*** Begin section ***
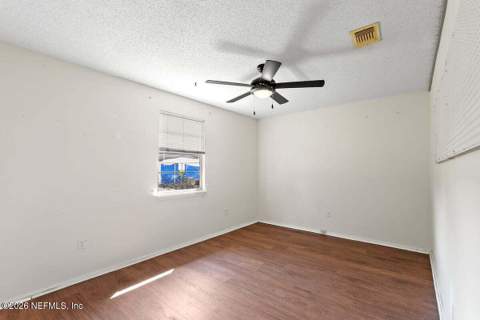 1227 Turtle Creek Drive, Jacksonville FL - photo 10 of 22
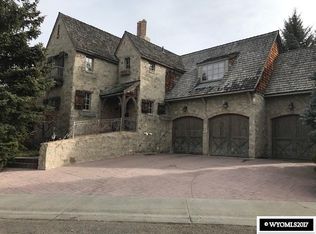 2040 Skyview St, Rock Springs, WY 82901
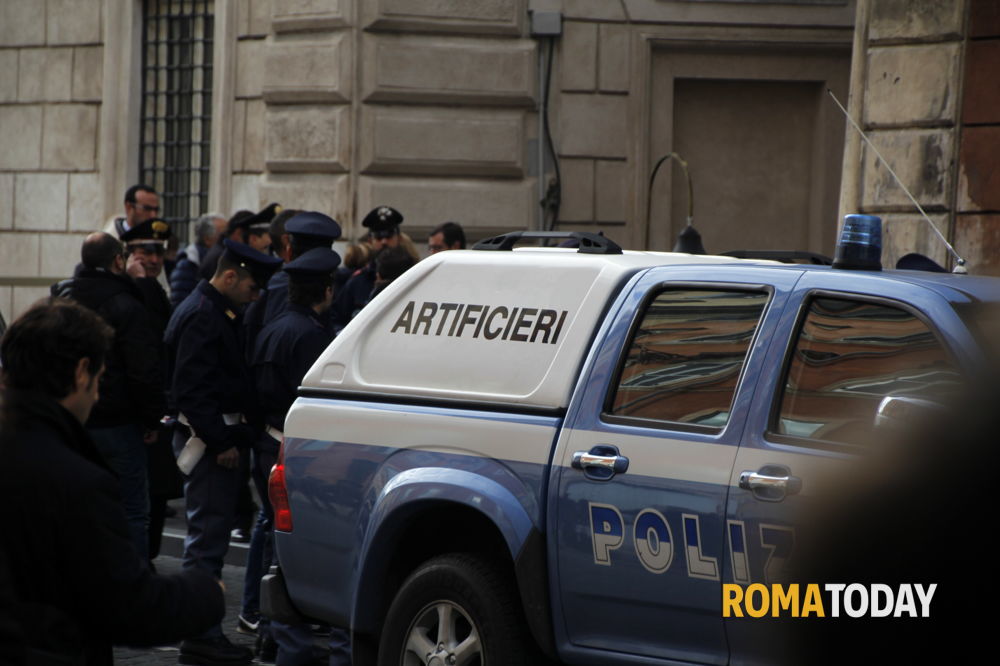 Allarme bomba per un trolley sospetto, intervengono gli artificieri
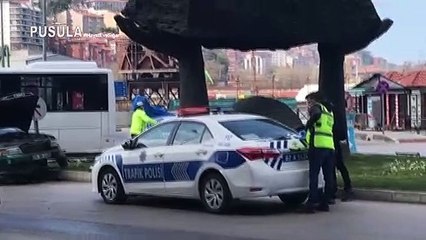 Virajı alamayan araç kaldırıma çarptı: 1 yaralı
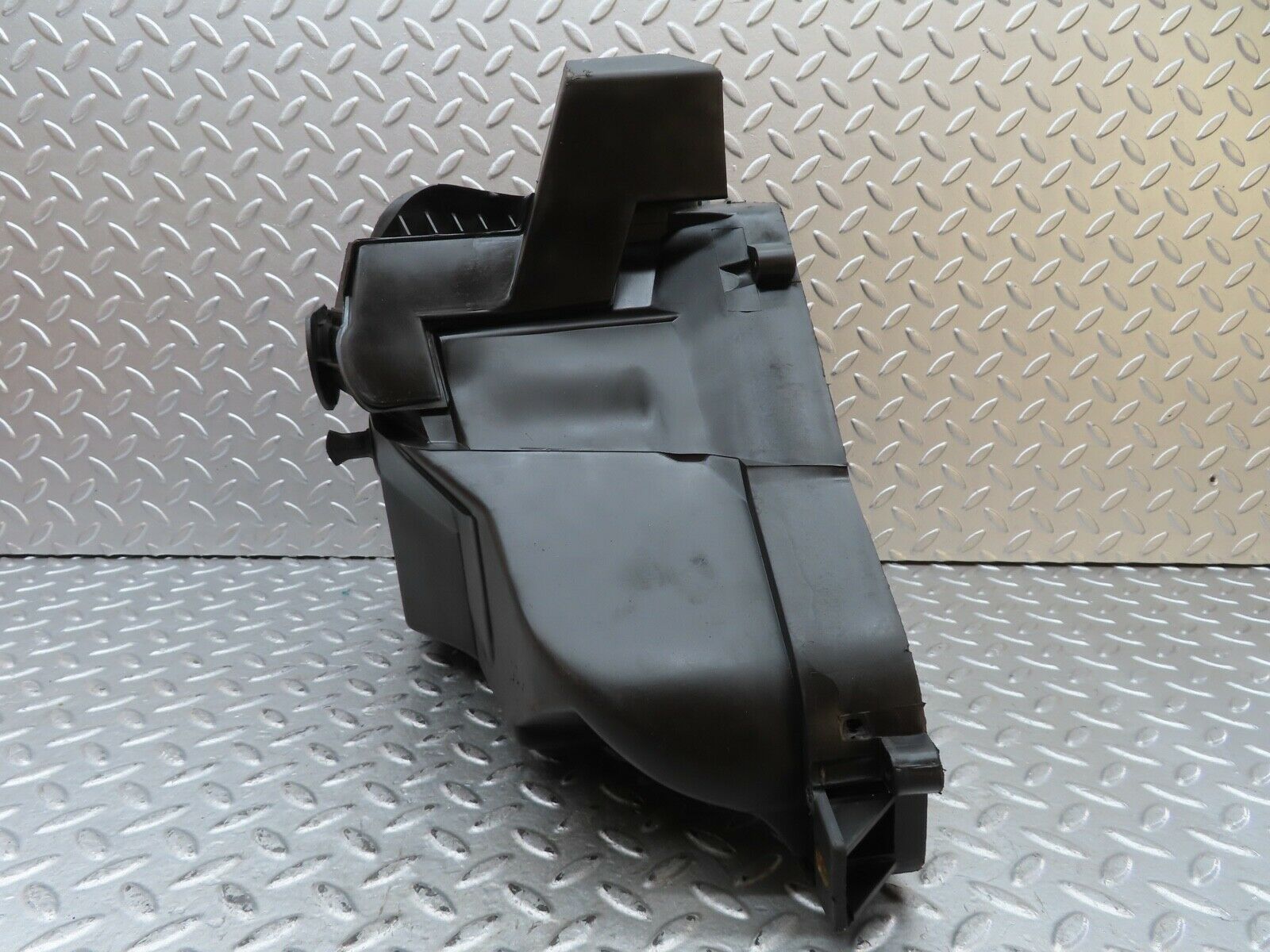 19645 Mercedes-Benz C140 CL420 Coupe Cabin Pollen Filter Housing 1408300369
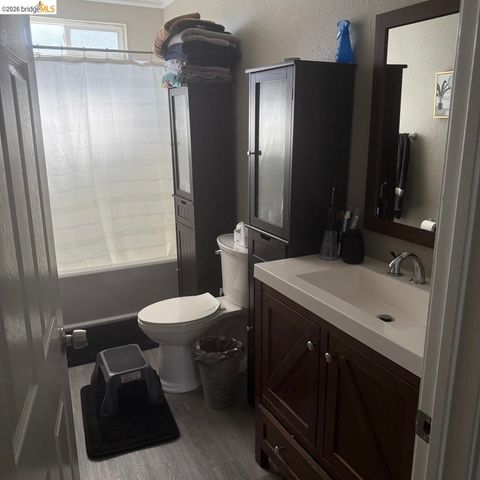 1104 Holly AVE, Linda, CA 95961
*** End section ***
## TO DO:
Restate the data above verbatim, skipping every image.

## COMPLETED EXERCISE:
 1227 Turtle Creek Drive, Jacksonville FL - photo 10 of 22
 2040 Skyview St, Rock Springs, WY 82901
 Allarme bomba per un trolley sospetto, intervengono gli artificieri
 Virajı alamayan araç kaldırıma çarptı: 1 yaralı
 19645 Mercedes-Benz C140 CL420 Coupe Cabin Pollen Filter Housing 1408300369
 1104 Holly AVE, Linda, CA 95961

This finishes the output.